At CJ 5, restorative justice takes form through the RSVP program. The program utilizes a three pillar approach, including a curriculum called “manalive”, survivor impact discussions, and restorative justice circles. The curriculum, manalive, is at the core of RSVP. In classes, the men engage in peer to peer discussions about the Male Role Belief System, and how their violence takes origin in a socially learned desire for superiority and dominance. During survivor impact statements, survivors of violence come to share their stories with the men. This aspect of the program is meant to encourage the men to reflect on the impact of their own violence and develop a stronger sense of empathy with individuals harmed. During restorative circles, the men have time to consider and share the impacts of their own violence on the individuals around them and the community as a whole. During my 7 weeks with RSVP, I will be working with a group of men to create a program publication that includes writing and artwork by the men, as well as writing by survivors, program managers, facilitators, and others associated with RSVP. My preparations have included lots of reading, and designing a course curriculum. In addition to this, I also needed security clearance, and clearance for the course itself. There’s been plenty of work so far, and I am ready to get moving on the project!
I chose RSVP for this summer because I believe that restorative justice programs have power to change the futures of perpetrators, survivors, and the greater community- this why I am so excited and proud to work on this project. I am also very nervous. Although I have many experiences with survivors of violence and specifically gendered violence, I have never worked with the perpetrators of violence. I do not know how I will respond to the stories of the men, as they reflect the experiences of my friends and family. That considered, I think that personal investment in ending violence is an important part of this work.
I also don’t know how the men will respond to me. Many people have voiced their concerns about my summer, bringing up my gender and my age. Last month I read Dreams from the Monster Factory written by Sunny Schwartz, the woman who started the program. She wrote about her first experiences working in jail as a young legal intern, and the many misogynistic comments and interactions with both inmates and guards. In addition to being respected as an individual, I also hope that the men respect my schedule and what I expect from them through this process.

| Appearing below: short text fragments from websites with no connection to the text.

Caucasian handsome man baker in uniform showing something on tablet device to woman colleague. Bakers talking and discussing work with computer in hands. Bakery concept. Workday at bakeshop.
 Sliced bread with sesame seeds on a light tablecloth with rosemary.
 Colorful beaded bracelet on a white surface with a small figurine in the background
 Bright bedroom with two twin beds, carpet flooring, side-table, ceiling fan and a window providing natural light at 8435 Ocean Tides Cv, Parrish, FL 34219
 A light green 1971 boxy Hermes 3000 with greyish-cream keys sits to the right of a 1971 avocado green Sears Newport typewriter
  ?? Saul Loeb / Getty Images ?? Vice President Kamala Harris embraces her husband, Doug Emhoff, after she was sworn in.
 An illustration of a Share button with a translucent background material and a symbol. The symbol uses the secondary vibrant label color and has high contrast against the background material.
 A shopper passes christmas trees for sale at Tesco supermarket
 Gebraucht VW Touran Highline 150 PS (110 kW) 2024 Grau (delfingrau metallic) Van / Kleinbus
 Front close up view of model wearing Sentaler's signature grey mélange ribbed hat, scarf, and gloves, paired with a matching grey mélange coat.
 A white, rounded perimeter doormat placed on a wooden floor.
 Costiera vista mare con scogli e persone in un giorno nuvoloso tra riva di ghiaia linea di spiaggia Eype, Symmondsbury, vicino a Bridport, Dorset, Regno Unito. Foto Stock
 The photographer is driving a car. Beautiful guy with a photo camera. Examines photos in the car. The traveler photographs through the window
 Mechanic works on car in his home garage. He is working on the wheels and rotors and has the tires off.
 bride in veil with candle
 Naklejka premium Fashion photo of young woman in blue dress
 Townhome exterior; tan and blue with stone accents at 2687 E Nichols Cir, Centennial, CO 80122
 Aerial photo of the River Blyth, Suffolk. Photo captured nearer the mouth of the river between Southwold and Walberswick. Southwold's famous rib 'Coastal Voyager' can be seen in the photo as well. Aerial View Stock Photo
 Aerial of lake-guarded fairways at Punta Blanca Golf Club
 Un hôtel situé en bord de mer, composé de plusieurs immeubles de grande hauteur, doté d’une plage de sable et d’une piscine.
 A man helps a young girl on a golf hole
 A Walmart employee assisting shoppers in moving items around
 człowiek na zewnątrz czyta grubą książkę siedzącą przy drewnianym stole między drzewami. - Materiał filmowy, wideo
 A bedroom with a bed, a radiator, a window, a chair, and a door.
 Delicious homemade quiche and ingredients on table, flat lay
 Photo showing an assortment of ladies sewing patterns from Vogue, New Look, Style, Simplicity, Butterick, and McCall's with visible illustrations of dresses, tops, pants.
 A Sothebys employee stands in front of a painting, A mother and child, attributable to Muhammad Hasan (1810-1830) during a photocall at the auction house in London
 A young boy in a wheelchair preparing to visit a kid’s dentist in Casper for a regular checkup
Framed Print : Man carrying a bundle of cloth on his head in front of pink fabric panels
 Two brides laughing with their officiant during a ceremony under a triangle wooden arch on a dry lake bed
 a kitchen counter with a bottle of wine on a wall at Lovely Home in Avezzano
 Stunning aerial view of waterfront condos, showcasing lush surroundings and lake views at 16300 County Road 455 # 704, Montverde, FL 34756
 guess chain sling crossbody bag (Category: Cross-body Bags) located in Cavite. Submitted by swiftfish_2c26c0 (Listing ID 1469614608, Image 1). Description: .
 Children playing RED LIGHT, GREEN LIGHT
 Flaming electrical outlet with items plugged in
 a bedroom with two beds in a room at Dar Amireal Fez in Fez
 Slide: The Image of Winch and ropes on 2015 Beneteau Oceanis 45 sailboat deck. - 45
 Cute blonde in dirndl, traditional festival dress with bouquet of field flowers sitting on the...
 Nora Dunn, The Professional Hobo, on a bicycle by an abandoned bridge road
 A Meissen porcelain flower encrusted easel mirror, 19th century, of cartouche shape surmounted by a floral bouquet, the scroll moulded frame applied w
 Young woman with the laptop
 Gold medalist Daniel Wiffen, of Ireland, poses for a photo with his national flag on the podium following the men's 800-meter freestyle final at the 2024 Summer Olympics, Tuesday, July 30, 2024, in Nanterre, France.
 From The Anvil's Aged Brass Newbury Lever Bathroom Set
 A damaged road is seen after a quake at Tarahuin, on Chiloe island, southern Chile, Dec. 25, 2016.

I am excited and honoured to have the opportunity to work with this program and learn from the experience. I know that the men are being afforded an opportunity themselves; they are being given a chance to change their lives and their perceptions of themselves and those around them. Additionally, my project will give them the opportunity to write and have their writing printed. That said, the impact of this program will go both ways. Just as the men are asked to be vulnerable and reflective, I will need to be vulnerable and reflective as well. I am sure that I will learn more from the men than they could ever learn from me. However, what I can do is provide an opportunity for them to share their experiences and the RSVP program, giving them a voice and an opportunity to be heard.
I do not know what to expect, or how the publication will turn out. I do not know how the men will respond to me, or how I will respond to the men. I do not know what it will be like to work in a jail, where doors open and close at the will of a guard watching through a camera. I don’t think I am ready, but I don’t think that this is something that one can be “ready” for. That said, I am excited to meet the men and the women in the survivor program, to hear their stories, and then act as a means through which they can share their stories and the impact of the RSVP program with each other and any others who are willing to listen.